I ate a lot of microwave burritos in those days. They were 59 cents, I remember, and were doubtless loaded with nutrition.
At this point a reasonable person might wonder: Didn't I work? Yes, I suppose I did, although I don't remember much about that, to be honest with you. I did some little something, the littlest possible of somethings. Parking lots, mall retail, a warehouse job. I always did just barely enough, and was always just barely able. If I had a credo, or anything resembling a self-image in those days, it could be boiled down to those words: barely enough and barely able.
And all of it, every single cold day muddled through, was just barely bearable. Mostly now I remember how the wobbling planet that was my brain would spin into six months of permanent darkness, and I'd flood it with a depressive ocean of liquor until it floated at the top of my skull like a black bobber. Nothing really happened. When I moved I was barely moving, inching my way through thick fog, feeling my way by blind memory through a dark house. I'd sit up listening to the hum of the furnace and the wind in the walls. The long nights crept along in a confused, vacuum silence, and the winters passed in a sort of empirical whiteout. I drank myself further and further into a tunnel that went straight down. I drank until my head was gurgling like an old percolator, and in the middle of the night I would feel like I was trapped in a doomed submarine that was slowly taking on water.
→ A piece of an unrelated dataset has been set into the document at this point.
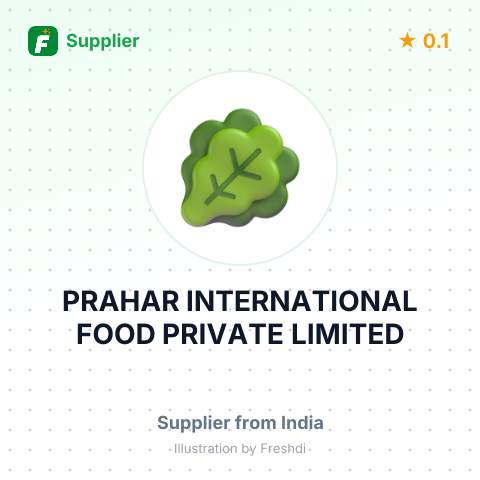 PRAHAR INTERNATIONAL FOOD PRIVATE LIMITED – summary card, no photo uploaded yet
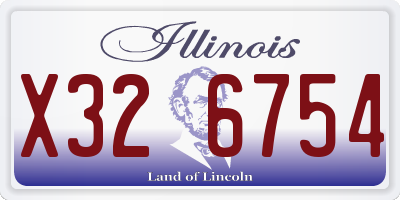 IL license plate X326754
You get the idea. I drank and I drank and I drank, as we used to joke in treatment. It's a gloriously romantic life, and I wouldn't wish it on anyone.
I used to know a pathetic alcoholic who would stagger around and repeatedly bellow, "Coal miner!" every time he got drunk. It was always amusing theater, and passed for some version of charming tradition in the life I was then leading. As I was generally almost as drunk as this guy was, I wasn't in any condition to recognize that even in his stupor his bogged brain was still somehow, amazingly, capable of stumbling across a perfect metaphor for the shared disaster that was then our lives.
And now, with winter coming on, I have nothing but sympathy for all the sad characters who are girding themselves for the long, drunken belly crawl through the darkness.